The impact of Brexit on Maltese firms

Last Updated on Thursday, 22 September, 2022 at 11:23 am by Andre Camilleri

Warren Deguara, Erica Maria Brincat and Aleandra Muscat

Over two years have passed since the United Kingdom (UK) left the European Union (EU), and a year later, from the establishment of the EU-UK Trade and Cooperation Agreement (TCA). What has been the impact of these developments on Maltese firms? Answering this question is not straightforward because of other significant events that occurred during this period, such as the COVID-19 pandemic.

Nevertheless, we attempted to address this question by conducting a survey with Maltese non-financial companies (NFCs) to collect information on the impact of Brexit on their costs and trade patterns. Responses were received from 96 firms covering all major economic sectors and firms of different sizes. The information was drawn from our regular meetings with high-level representatives of corporations and institutions as part of the Business Dialogue exercise that the Central Bank of Malta conducts.  

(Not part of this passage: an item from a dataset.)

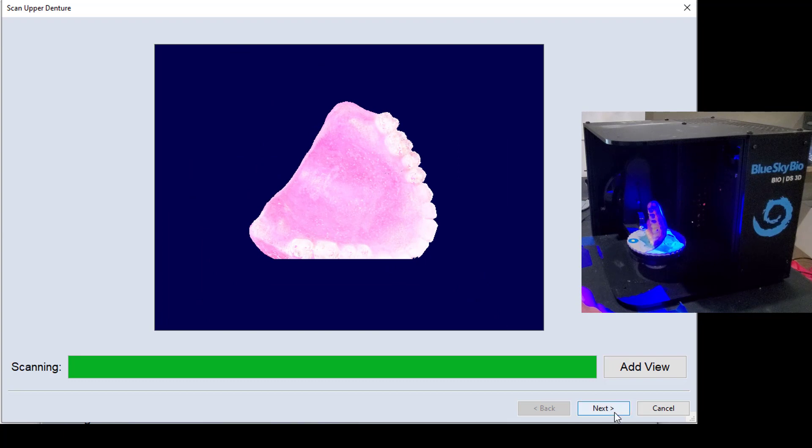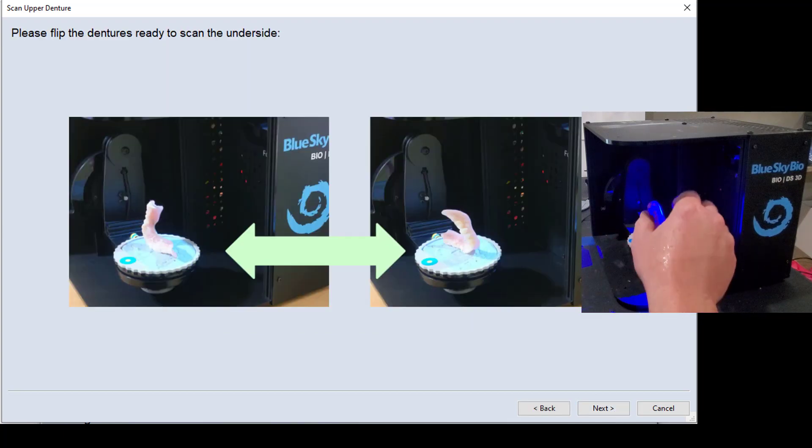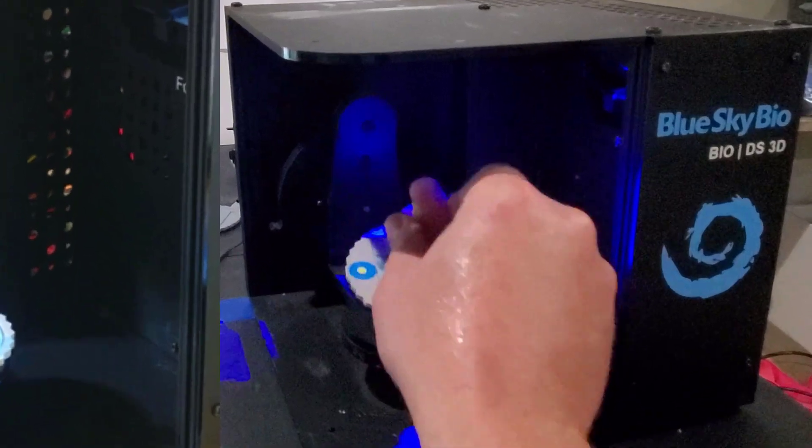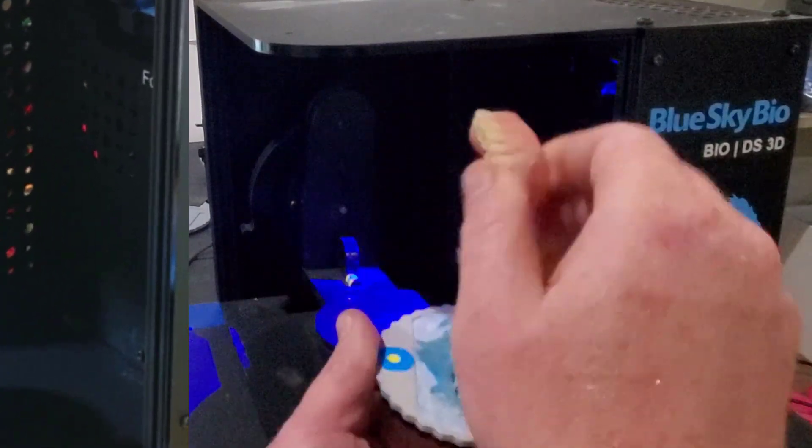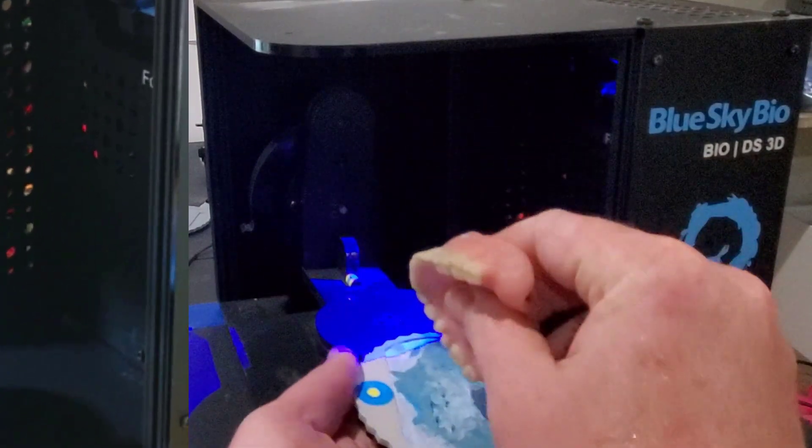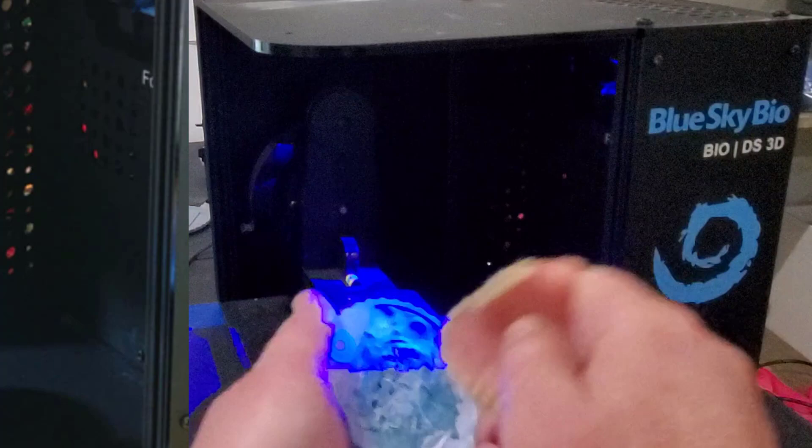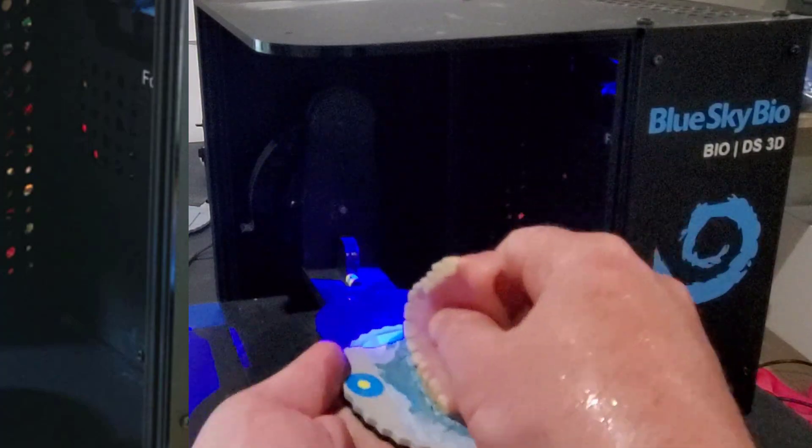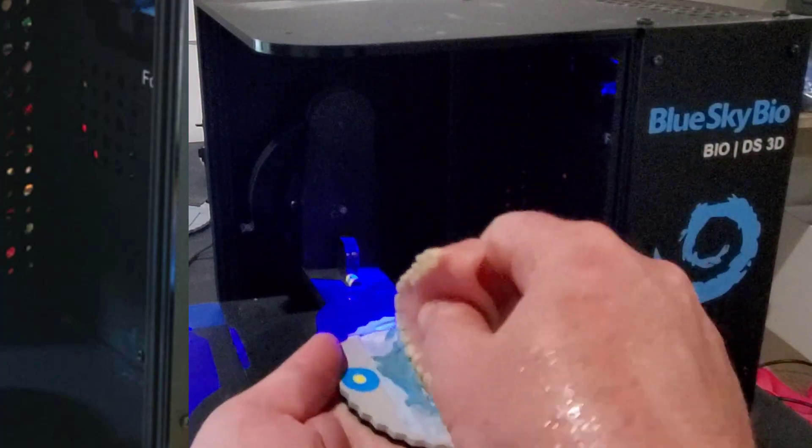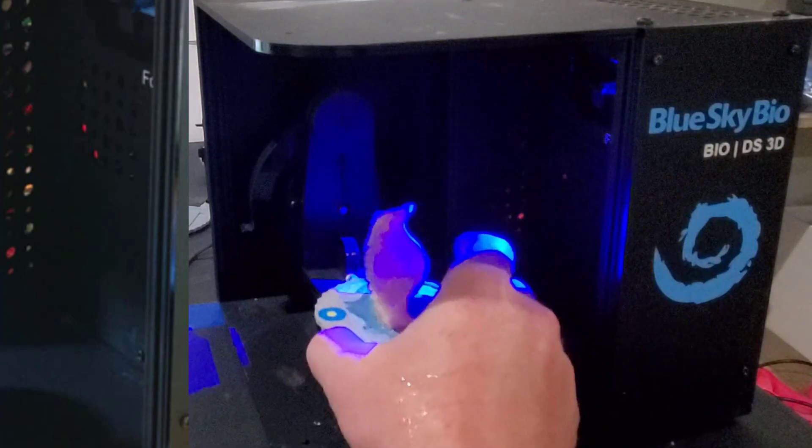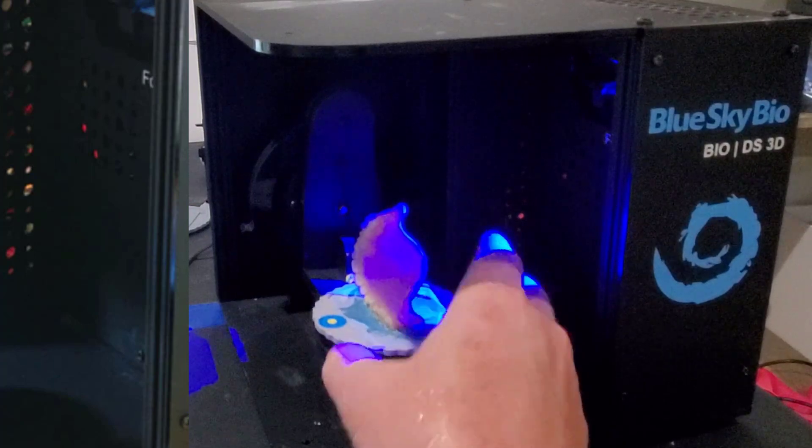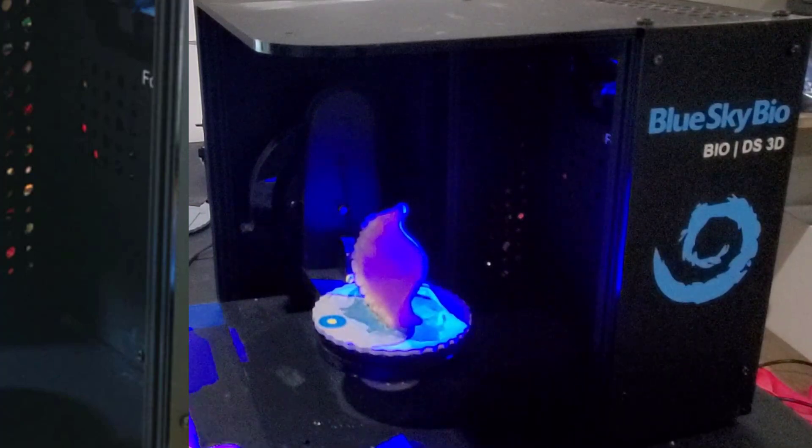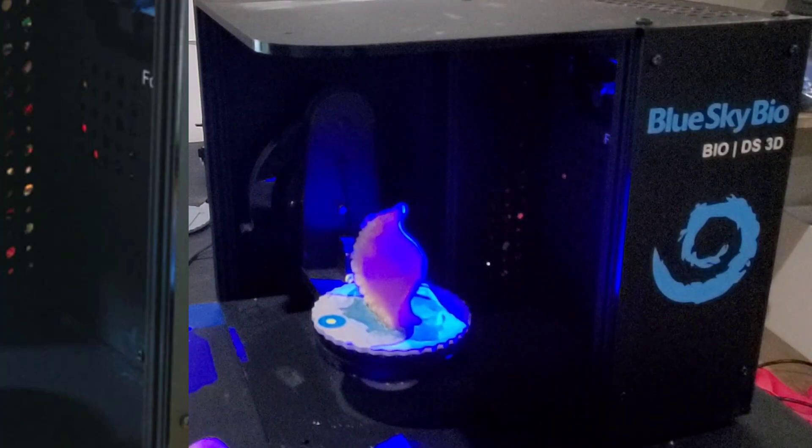Okay, so let's click next now. And the software is going to direct us to go ahead and flip this over. So once again, with the tissue side towards the camera, we're just going to take the denture, and this time embed it with the opposite side, the buccal side of the denture down on the tack, and then the tissue towards the camera.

The firms participating in the survey import from the UK more than they export. A sectoral breakdown shows that respondents in the manufacturing sector are the most exposed to the UK while the construction and real estate sector is the least exposed.

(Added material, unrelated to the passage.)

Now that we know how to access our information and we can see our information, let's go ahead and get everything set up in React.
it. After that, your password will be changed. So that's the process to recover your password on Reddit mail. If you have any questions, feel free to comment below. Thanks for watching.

Overall, slightly more than half of the responding firms were not impacted by Brexit, while the remaining companies noted that the impact of Brexit on their company was either ‘negative’ or ‘very negative’. Such negative replies were more frequently noted among small and medium sized firms, and among firms in the manufacturing and wholesale and retail sectors.

The survey asked firms on how they were impacted by Brexit based on seven different criteria. The most common effects reported by those impacted by Brexit were increases in costs and regulations, longer lead times and lower availability of inputs and demand. In fact, the absolute majority of companies impacted by Brexit reported an increase in their input costs. These costs include transport costs and raw material prices, as well as other fees charged.

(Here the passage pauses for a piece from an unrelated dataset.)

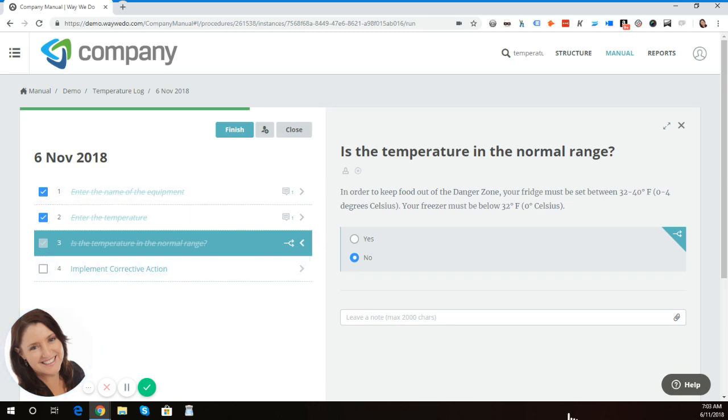That's just to give you an example of how to use the activated checklist decision points in a corrective action scenario.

Another major issue reported by firms concerns longer lead times. One company executive noted that “lead times are the biggest problem as everything is taking much longer to be done. Exchanging business with UK has resulted to be more challenging due to the non-EU relationship.” Additionally, a quarter of impacted firms indicated that demand decreased, while lower availability of inputs appeared to be a less concerning issue. Lastly, employment of UK nationals and competition were the least issues of concern.

Our findings indicate that increasing regulations and costs are major concerns for all firms irrespective of their size, although higher costs are less of an issue for large firms, perhaps due to healthier finances and economies of scale. While sectoral analysis shows that increasing regulations and costs are common across sectors, prolonged lead times are more widespread among manufacturing and wholesale and retail firms.

Brexit appears to have had a bigger impact on imports than on exports. In fact, over half of the companies interviewed across all sectors have lowered their imports from the UK, while only a small share of companies reduced exports. Medium-sized companies were more likely to report a decrease in imports from the UK.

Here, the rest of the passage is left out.